Italian court set to issue verdict in vice premier’s migrant boat kidnap trial
Matteo Salvini faces up to six years in jail over the 2019 incident which saw him refuse to allow migrants to leave the Open Arms rescue ship.
A court in Sicily is expected to announce its verdict on whether Italy’s vice premier was guilty of illegally detaining 100 migrants aboard a humanitarian rescue ship when he was interior minister.
Matteo Salvini faces up to six years in jail if convicted on charges of kidnapping for the 2019 incident when he refused to allow the migrants to leave the Open Arms rescue ship at Italy’s southern-most island of Lampedusa.
A sentence of over five years would also automatically bar him from office.
However, verdicts in Italy are only considered final once all appeals are exhausted, a process that can take years.
Salvini has made clear he will not step down.
Now transport minister in Premier Giorgia Meloni’s far-right-led government, Salvini has defended himself, saying he acted to protect Italy’s borders.

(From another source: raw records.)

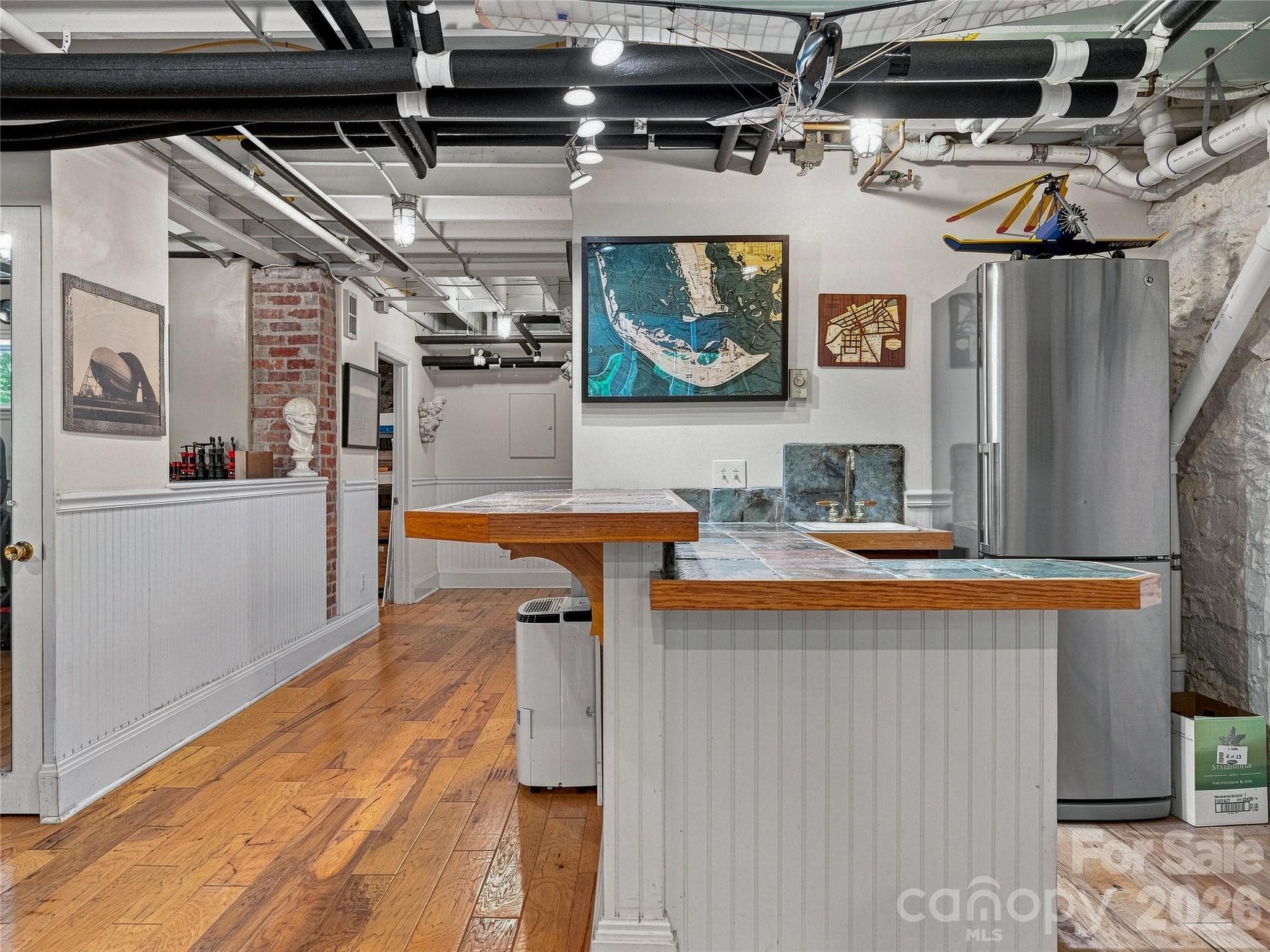 Lower level gathering space with refrigerator and sink! - 14 Griffing Boulevard, Asheville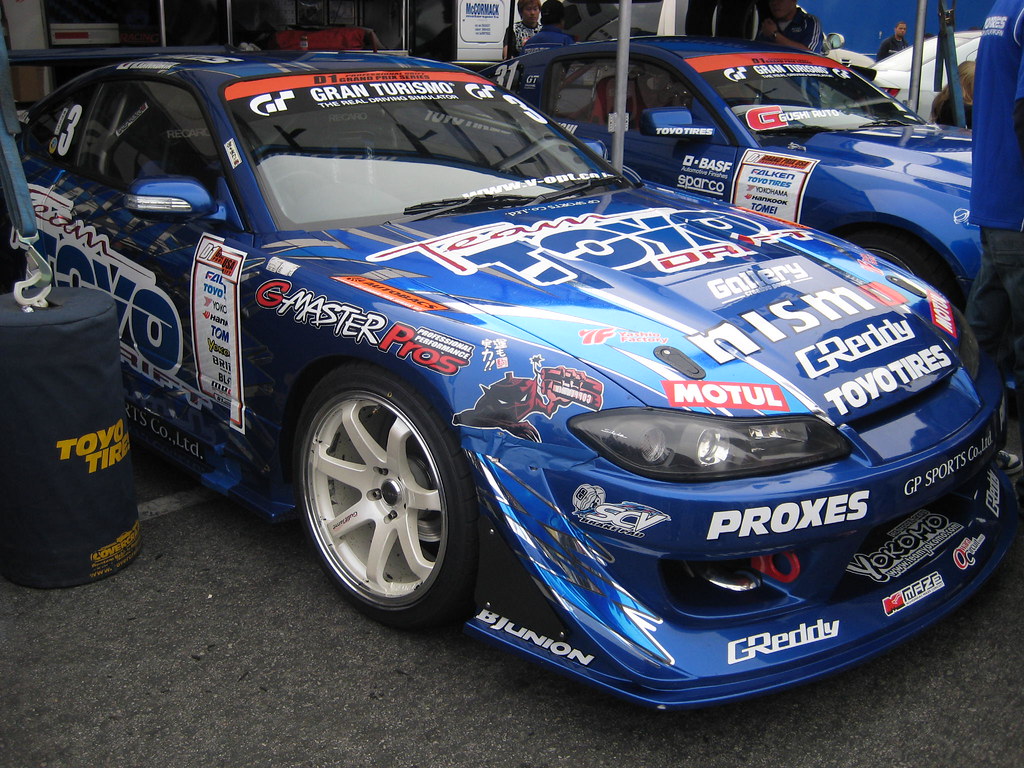 Naoki Nakamura's Team Toyo Tires Drift Nissan Silvia S15 mid-corner at a Drift Masters Japan round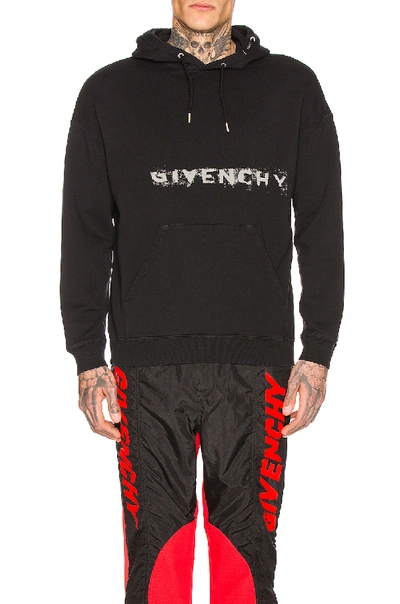 Shop Givenchy Fading Logo Hoodie In Black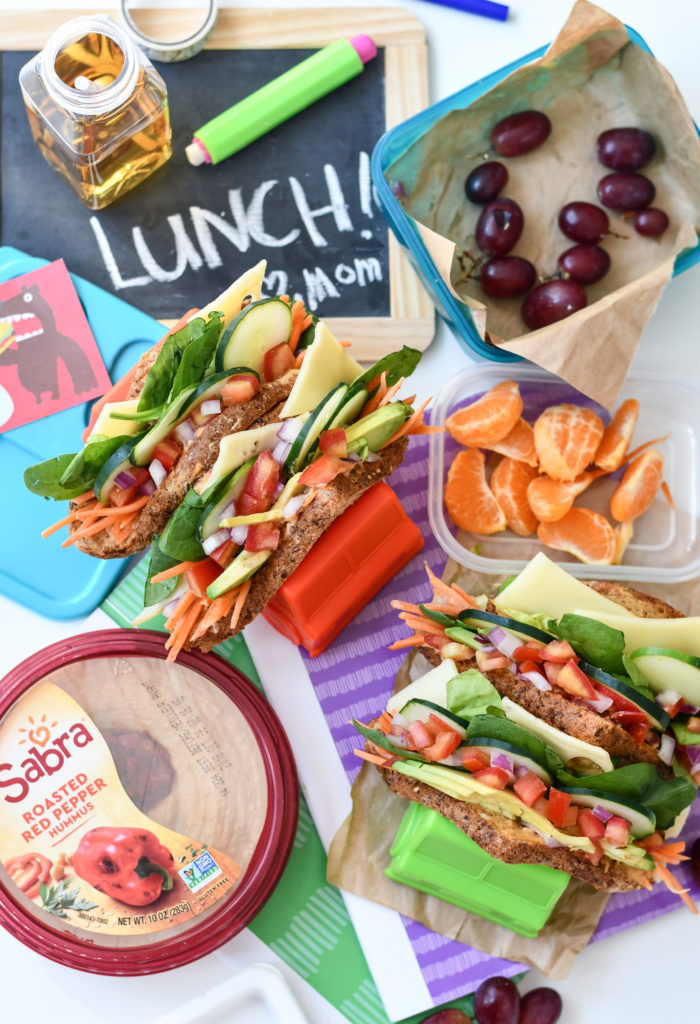 4 hummus and veggie sandwich tacos being held by taco holders with a lunchbox theme with sabra hummus.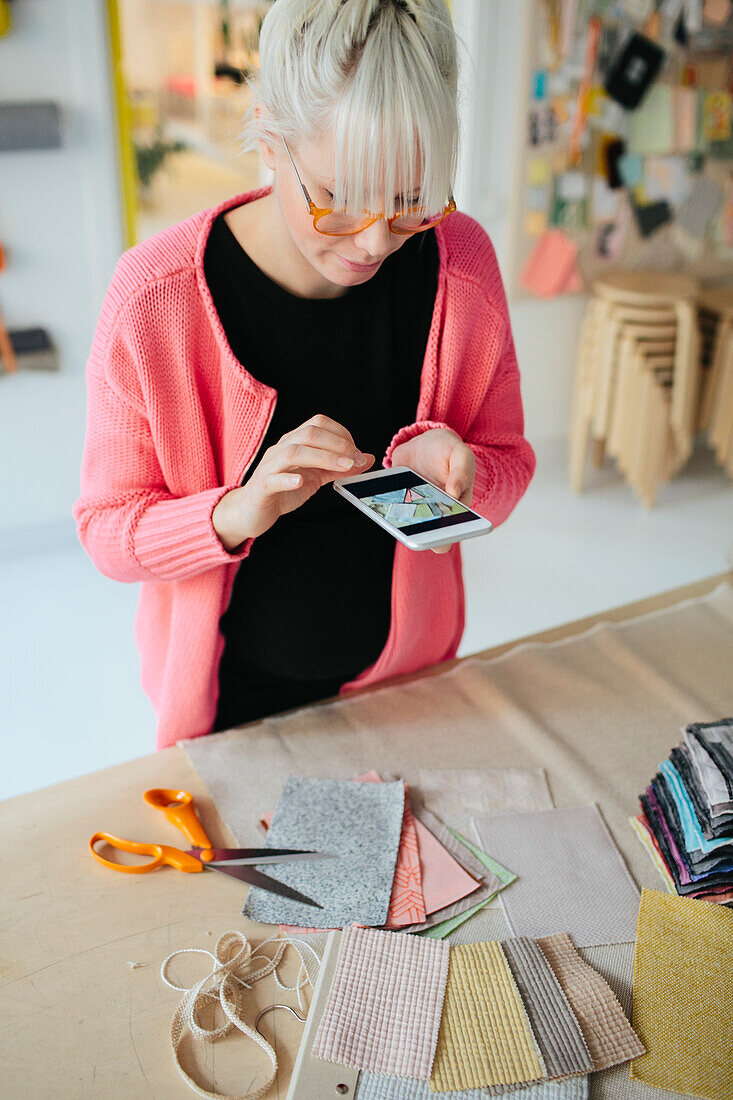 Woman taking photo of textiles in shop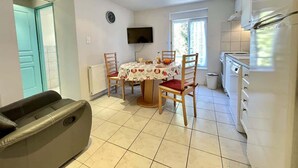 Un comedor con mesa, sillas, televisor y zona de cocina con refrigerador.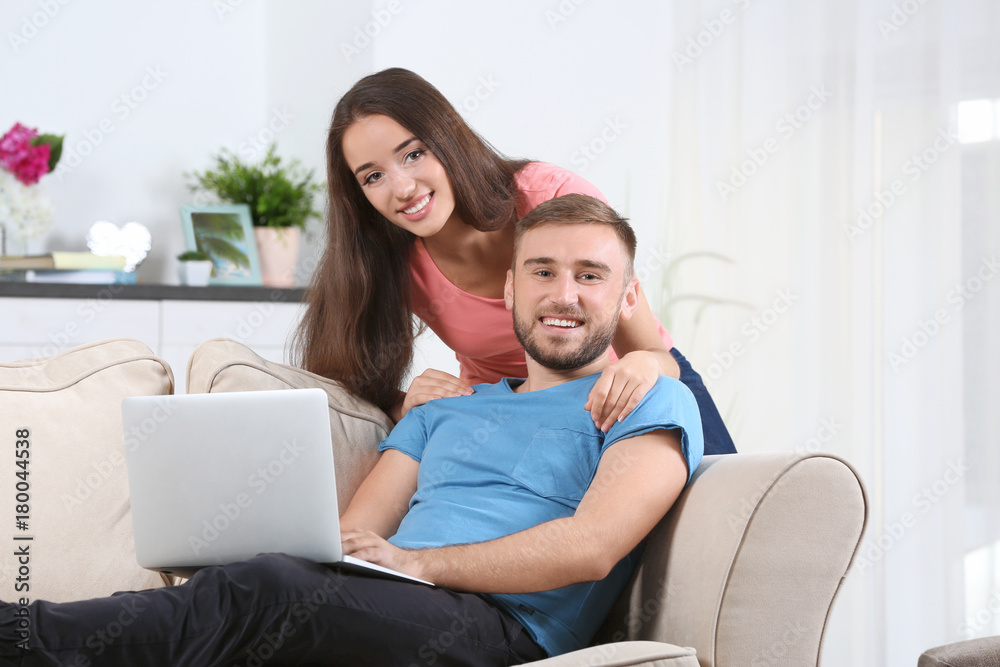 Young couple with laptop at home Young couple with laptop at home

During the standoff, some of the migrants threw themselves overboard in desperation as the captain pleaded for a safe, close port.
The remaining 89 people onboard were eventually allowed to disembark in Lampedusa by a court order.
Salvini took a hard line against migration as interior minister from 2018-2019 in the first government of former premier Giuseppe Conte.
He refused humanitarian rescue ships port and accused the groups that rescued migrants at sea of effectively encouraging smugglers.
Salvini has the support of Ms Meloni, other government ministers and anti-migrant European legislators, as well as Elon Musk, who expressed his support in a message on the social media platform X, formerly Twitter.
Since she took power in 2022, Ms Meloni has moved to crack down on migration, striking deals with northern African nations to prevent departures while also setting up centres in Albania aimed at vetting migrants rescued at sea in the non-EU country without allowing them to enter Italy.
Those centres are not yet operational amid legal challenges.